▶ _AIM OF THE TASK_
Nothing but the lines from the one with "フェンディ FENDI マイウェイ" down to the one with "Poster Arabba Marmolada" should be returned, exactly and with both ends included, from the material below.
(Beginning of SOURCE INFORMATION)
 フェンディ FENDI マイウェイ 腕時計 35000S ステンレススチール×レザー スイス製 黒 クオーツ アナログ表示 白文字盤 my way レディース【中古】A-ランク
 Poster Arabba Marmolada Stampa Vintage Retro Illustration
(End of SOURCE INFORMATION)
(Beginning of SOURCE INFORMATION)
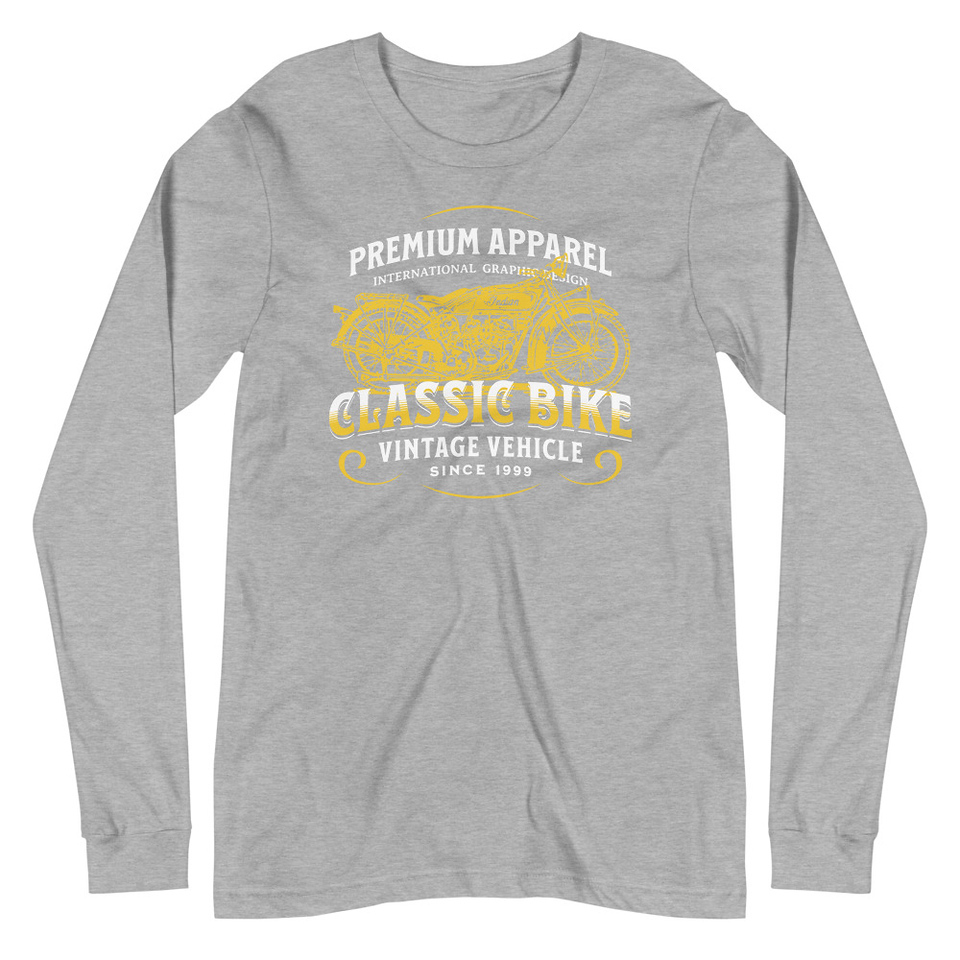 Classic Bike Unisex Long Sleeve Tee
(End of SOURCE INFORMATION)
▶ _REPLY TO THE TASK_
 フェンディ FENDI マイウェイ 腕時計 35000S ステンレススチール×レザー スイス製 黒 クオーツ アナログ表示 白文字盤 my way レディース【中古】A-ランク
 Poster Arabba Marmolada Stampa Vintage Retro Illustration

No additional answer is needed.